The work of the European Environment Agency to collect and disseminate the environmental details of their 32 member countries goes well beyond the typical mandate due to the vision and sense of urgency that the executive director Jacqueline McGlade provides. Not only is the agency sharing their data openly and transparently, they’re providing a framework and applications to communicate that data more readily to constituents. The promise of sensors and systems has also made the organization not only a proponent of the approach, but into a developer themselves of low-cost sensors through research grants and the framing of technical challenges that need to be overcome.

I had the great pleasure of sitting down McGlade at the Esri International User Conference where she shared her vision on the importance of sensors.

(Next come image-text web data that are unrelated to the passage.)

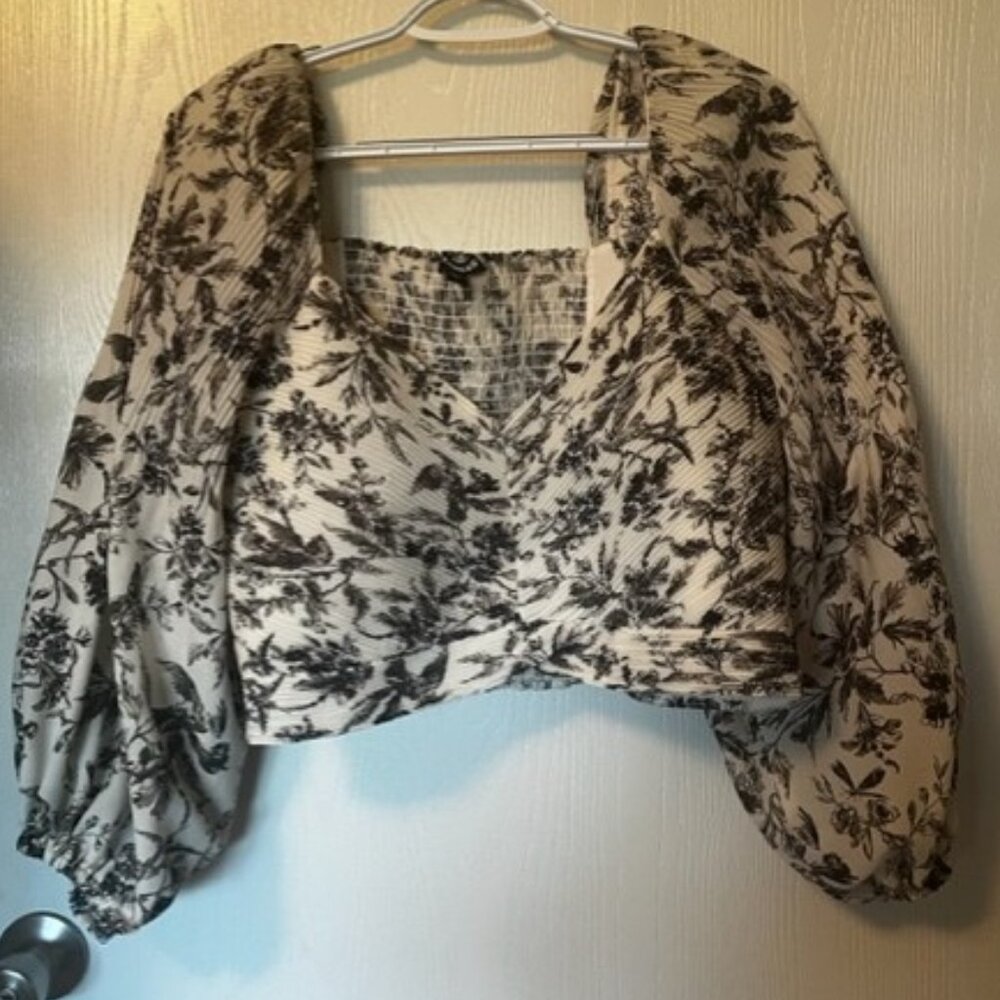 Express Cream and Olive Floral Cropped Top Balloon Sleeves Cottagecore Size XL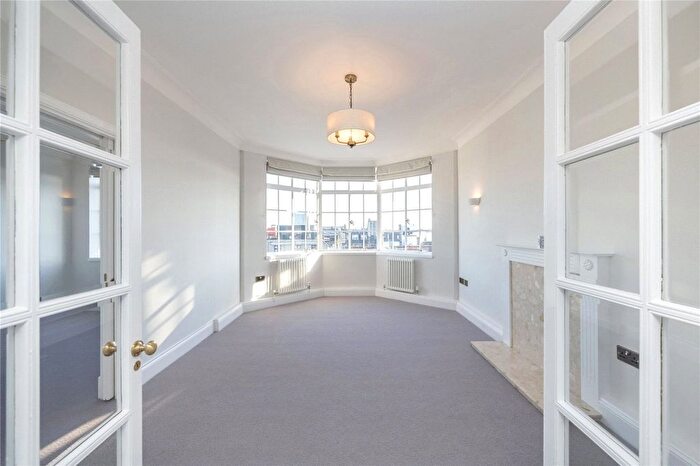 1 Bedroom Flat To Rent In Portland Place, Fitzrovia, W1B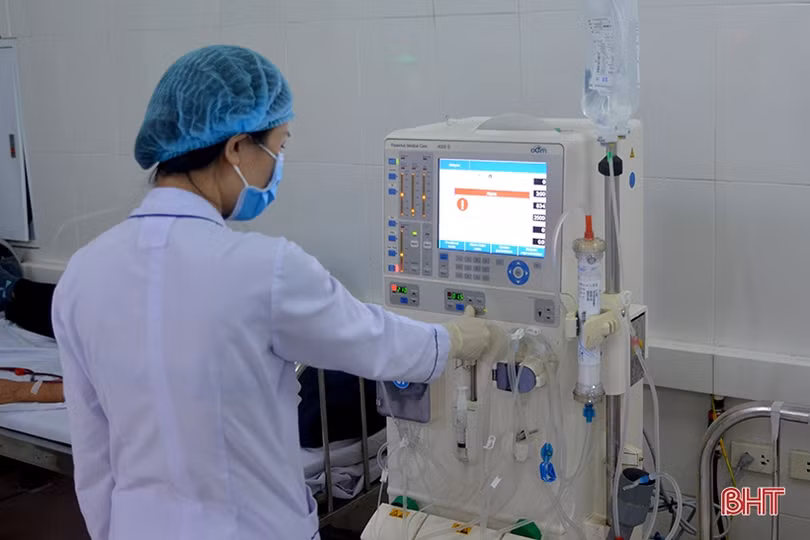 Bệnh nhân chạy thận tại BVĐK Hà Tĩnh trong ngày đầu tiên của năm mới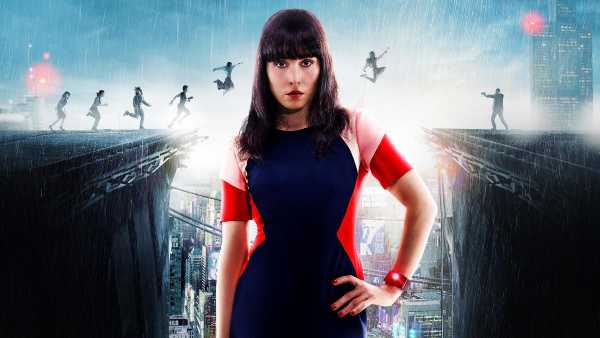 Stasera in TV: Con "Seven Sisters" Rai4 chiude "Obiettivo Mondo" - Noomi Rapace protagonista in sette ruoli diversi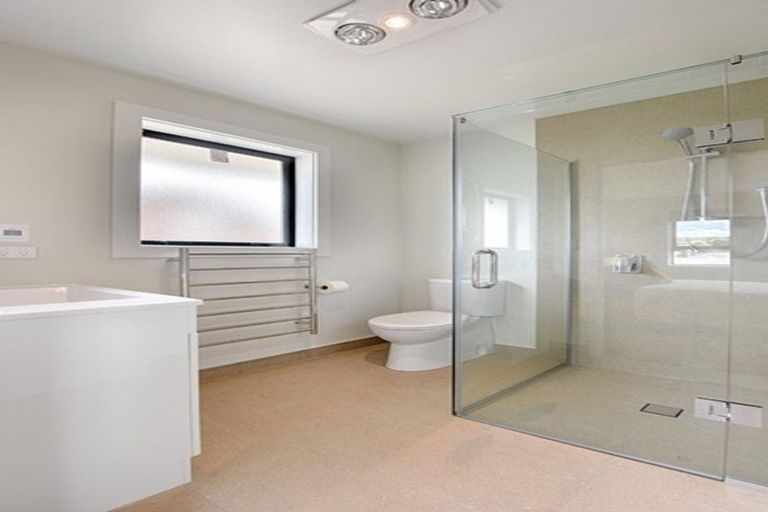 Photo of property in 1/12 Canning Street, Gore, 9710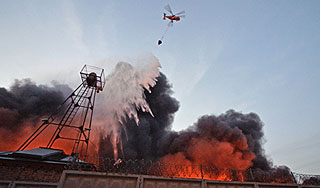 Горящий арсенал в Оренбуржье тушат с неба Горящий арсенал в Оренбуржье тушат с неба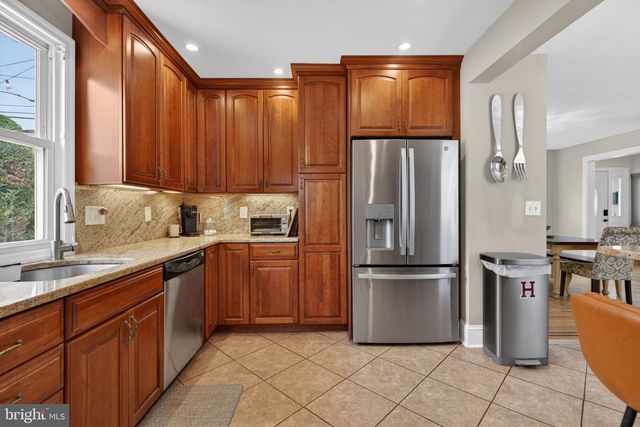 1202 EARLINGTON RD, Havertown, PA 19083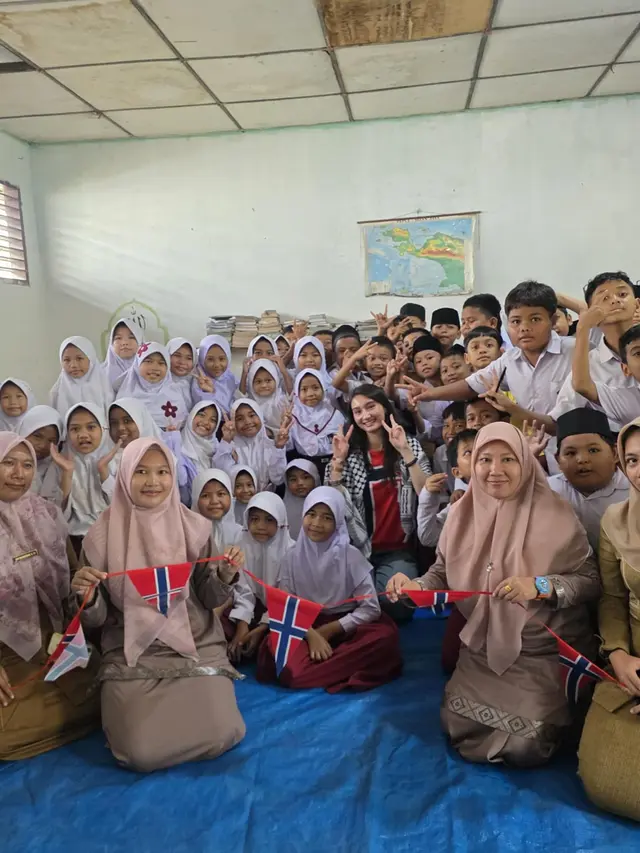 Ayu Zhafir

“When I first wanted to push sensors, I found as you might expect that the American continent had the bulk of sensor developers. We really didn’t have so many in the European setting. What I can see now is a very interesting phenomenon where there are fantastic sensor development, but they haven’t connected to the user. There are really smart approaches, with nanoscale sizes, but they haven’t found who is going to use them in many cases. On the other hand, there are many people that haven’t even thought of using a sensor, because they didn’t think it was possible.

While we can find one or two sensors that are fit for purpose, we need to think ourselves about shaping that whole industry. We have started doing that with contracts out for sensor development to ruggedize sensors, to prove the telecommunications package, and battery life, etc. I used to work a lot in the marine sector on instruments, and I think we can learn a lot from that technology development in many areas.

Sensors are the future. It is a way in which citizens, if properly priced, can participate. I’m after adding to what countries can do by having citizens bring in data and see it being used. It’s not just crowsdourcing, but professionalizing ways in which citizens can participate.”